---------- GIVEN INFORMATION ----------

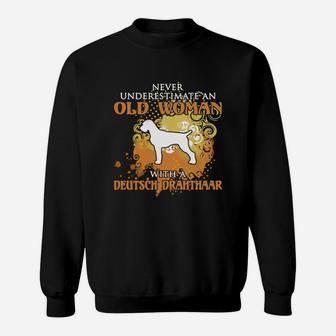 Never Underestimate An Old Woman With A Deutsch Drahthaar Dog Lover Sweat Shirt - Seseable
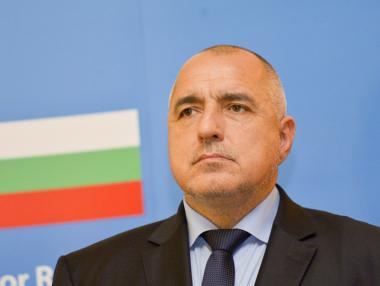 Полицаите се държаха като фенове от футболни агитки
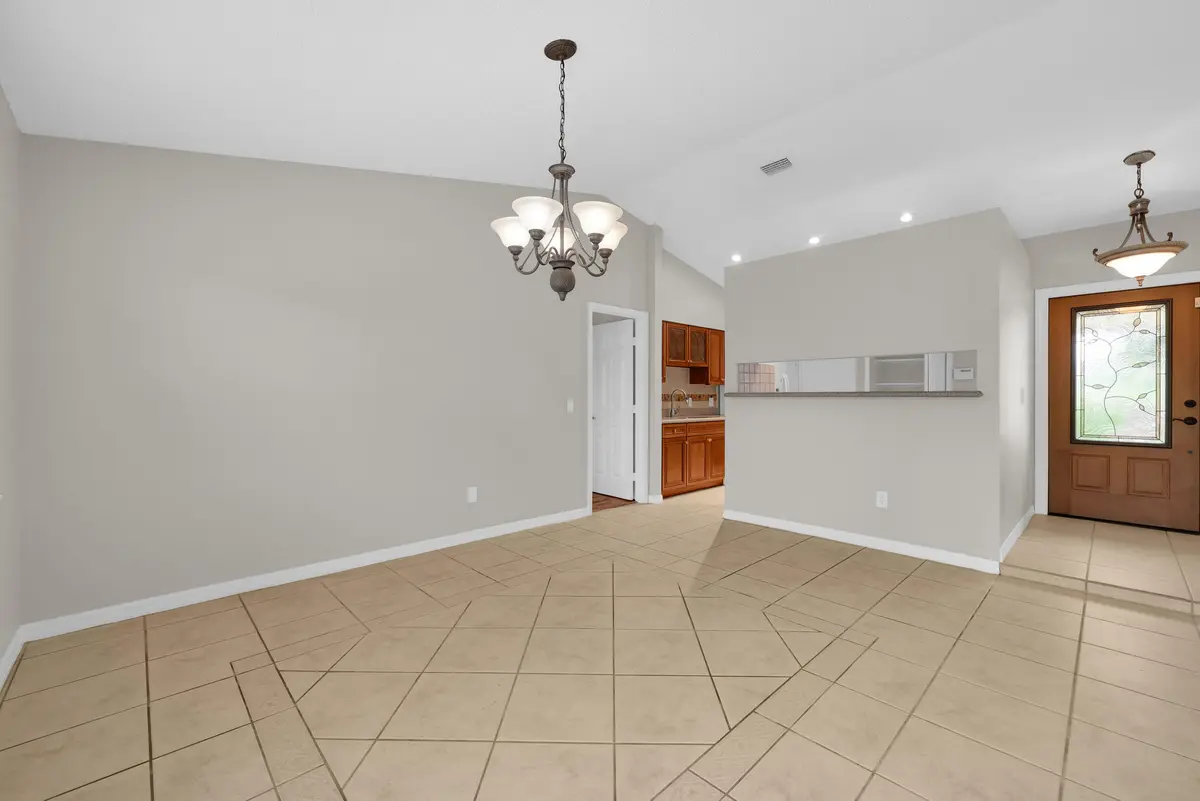 351 sw dwight ave - 09 at 351 SW Dwight Avenue, Port St. Lucie
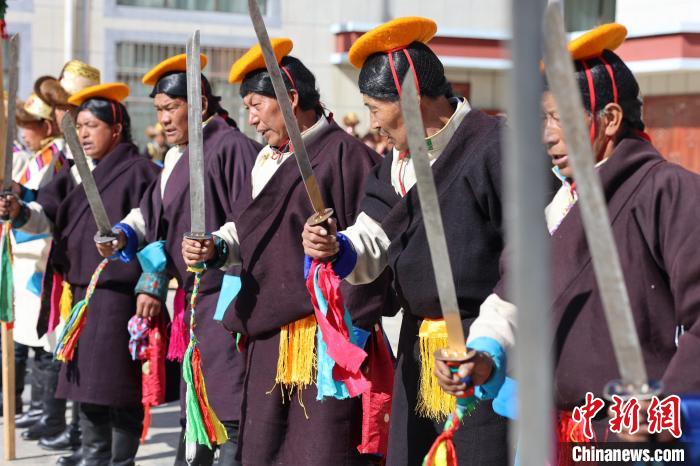 圖為藝人們手持藏刀表演加麻百·甲江?！愔闈扇?攝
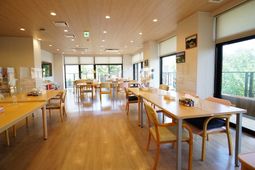 明るい食堂の様子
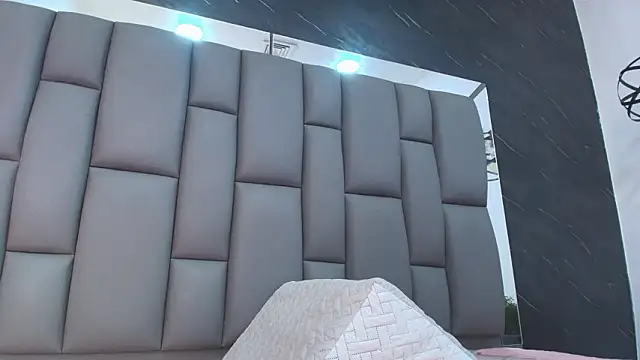 kissme luna online show from 23, 2, 2026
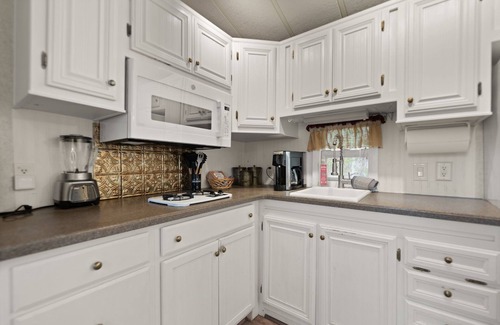 Stanton Cabin | PEACEFUL PASTURE CABIN WITH OPEN VIEWS OF HORSE-FIELD AND HOT-TUB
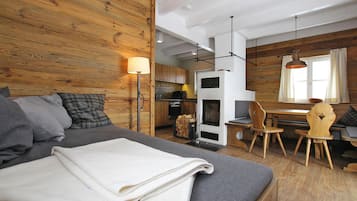 House | 2 bedrooms, individually furnished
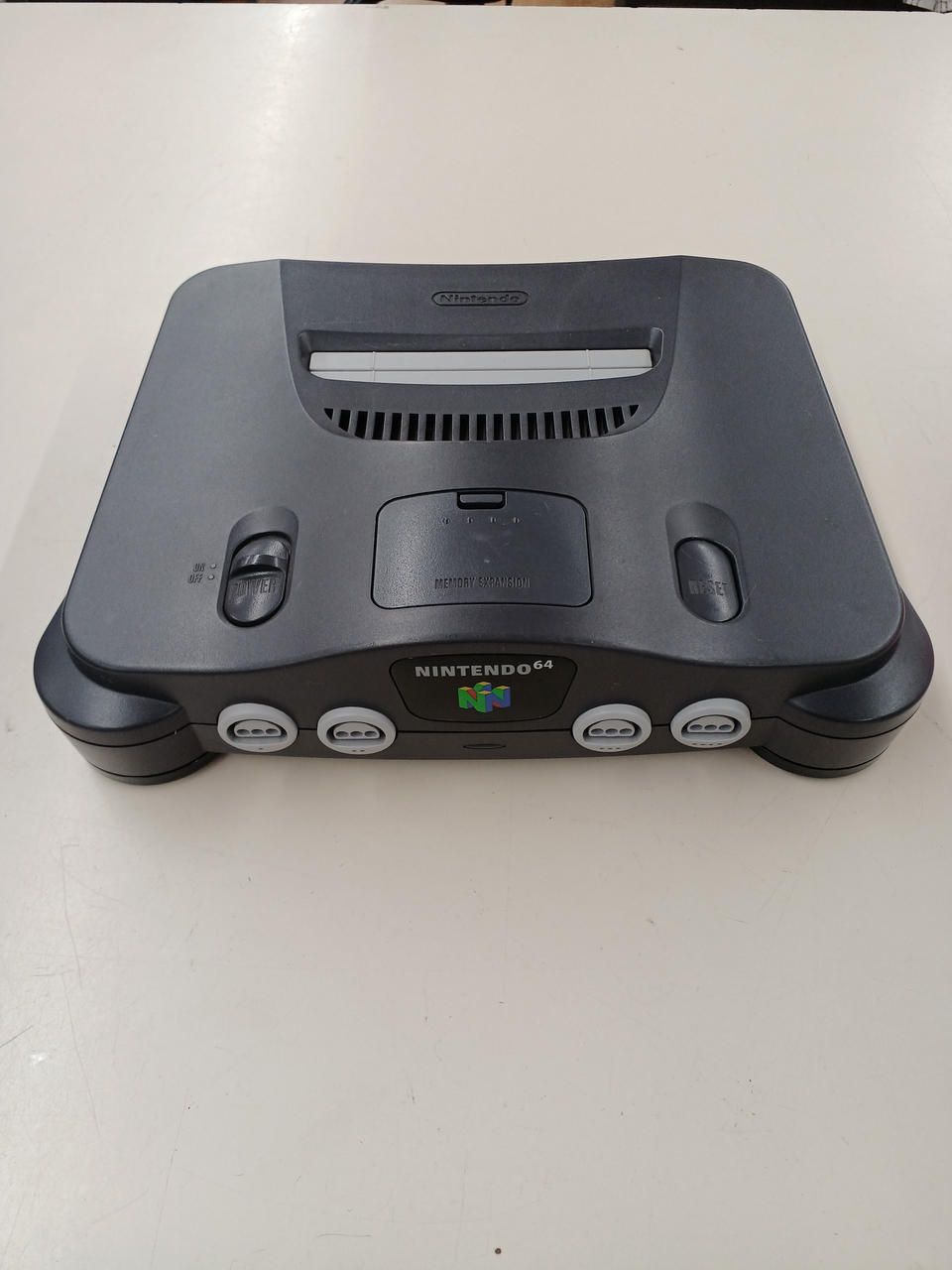nintendo nus-001 video game console front view
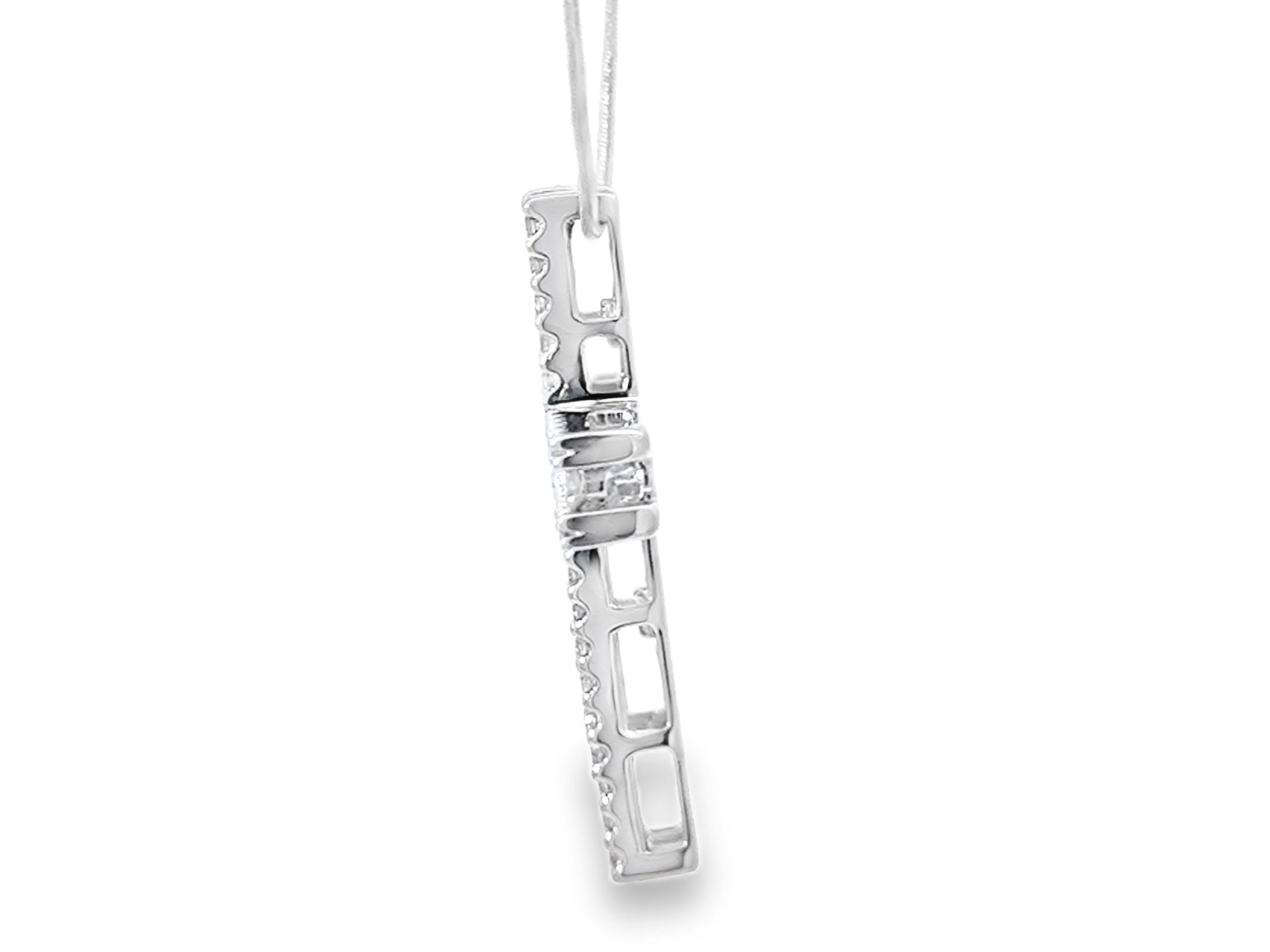 Donna Collana con croce di diamanti in oro bianco 18k in vendita
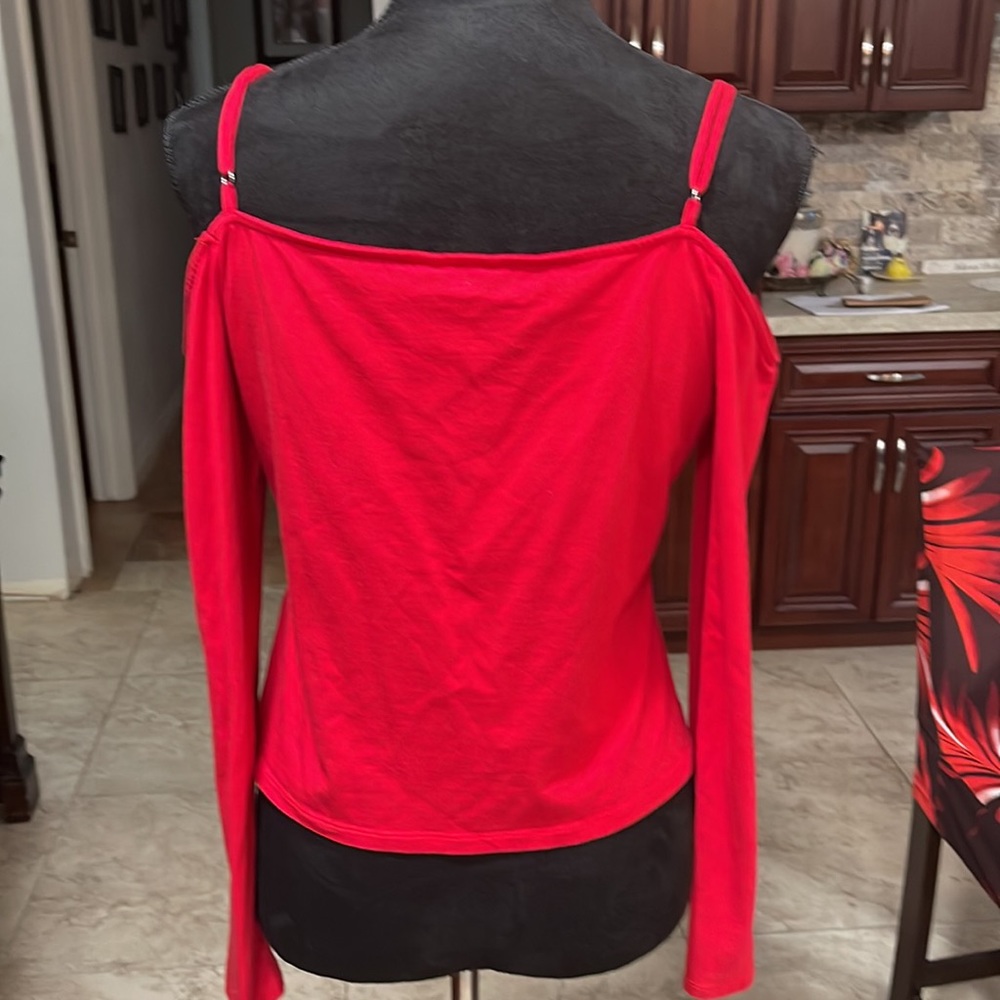 Guess open shoulder shirt - Picture 3 of 4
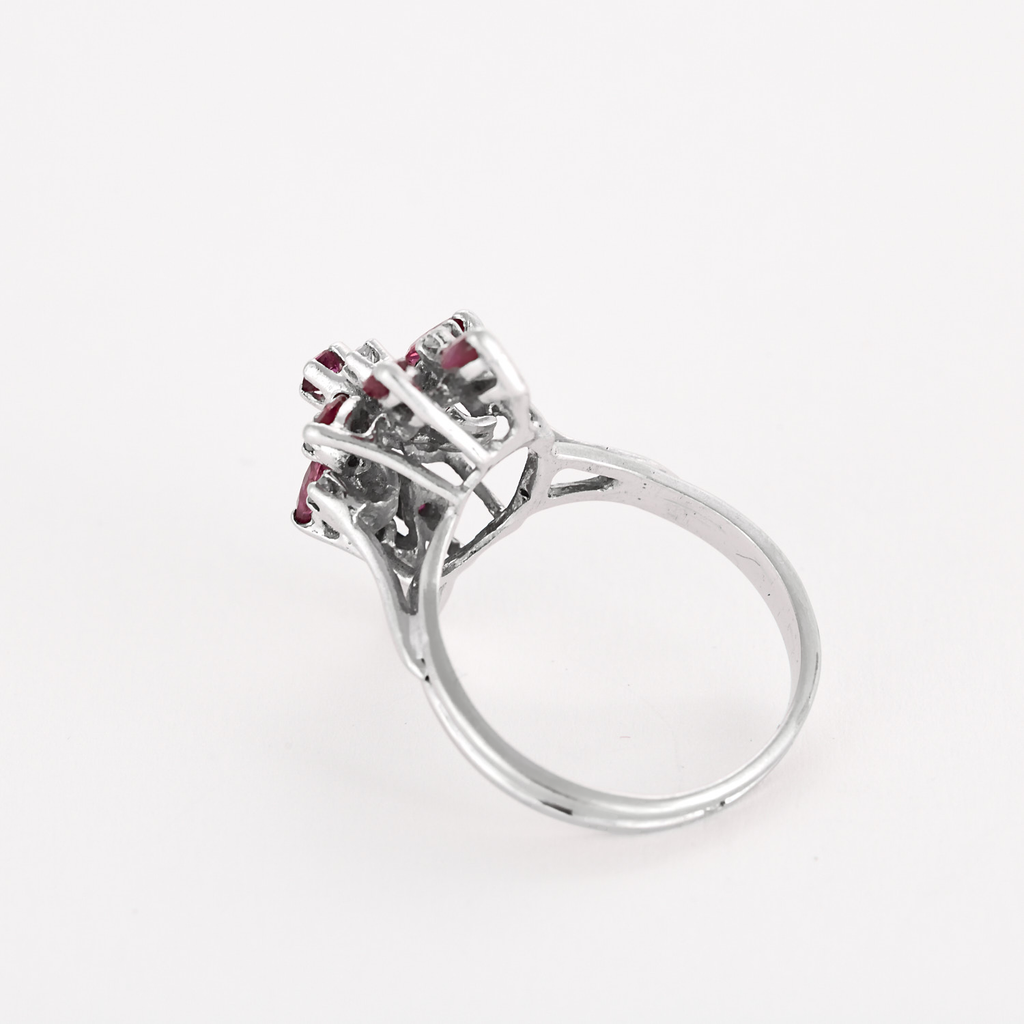 Bague vintage "panier" en or blanc, diamants et rubis.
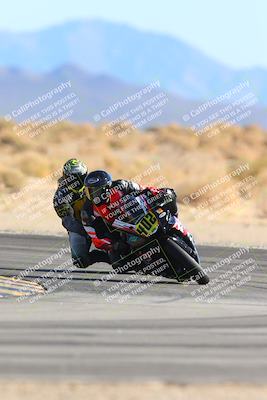 media/Jan-10-2025-CVMA Friday Practice (Fri) [[489e0da257]]/Group 4 and Trackday/Session 4 (Turn 16)/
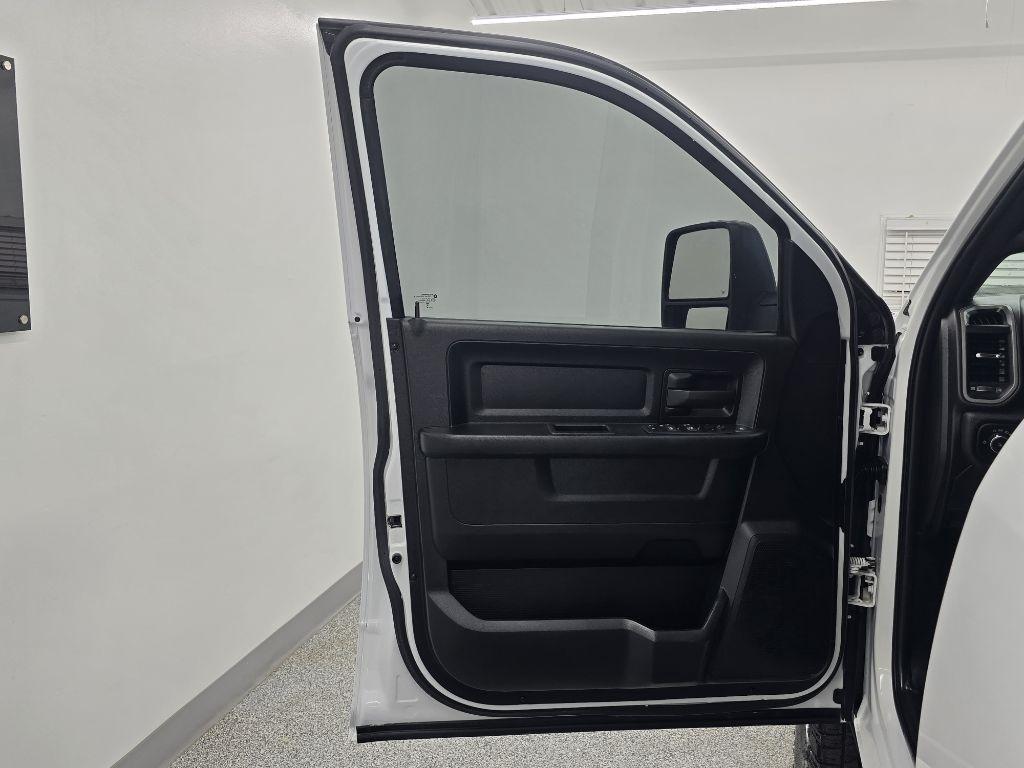 RAM 2500 Tradesman Crew Cab LWB 4WD 2023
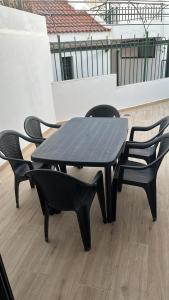 una mesa negra y sillas en el balcón en Antonio Apartment, en Los Cristianos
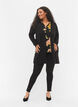 Knitted cardigan with slit and rib, Black, Model image number 2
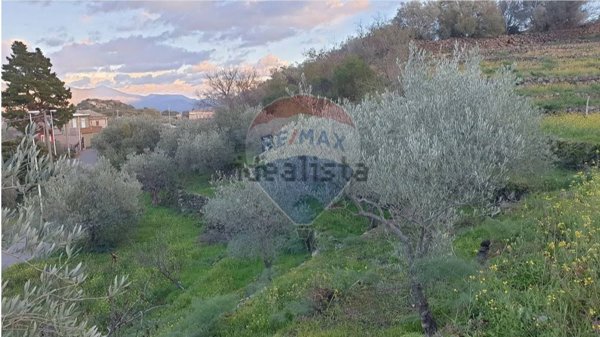terreno agricolo in vendita a Castiglione di Sicilia in zona Verzella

----------

TASK OBJECTIVE: Take the line containing "Guess open shoulder shirt - Picture 3 of 4" and every line after it to the end of the records, and restate them verbatim, with no pictures.

ANSWER FOR THIS EXERCISE:
 Guess open shoulder shirt - Picture 3 of 4
 Bague vintage "panier" en or blanc, diamants et rubis.
 media/Jan-10-2025-CVMA Friday Practice (Fri) [[489e0da257]]/Group 4 and Trackday/Session 4 (Turn 16)/
 RAM 2500 Tradesman Crew Cab LWB 4WD 2023
 una mesa negra y sillas en el balcón en Antonio Apartment, en Los Cristianos
 Knitted cardigan with slit and rib, Black, Model image number 2
terreno agricolo in vendita a Castiglione di Sicilia in zona Verzella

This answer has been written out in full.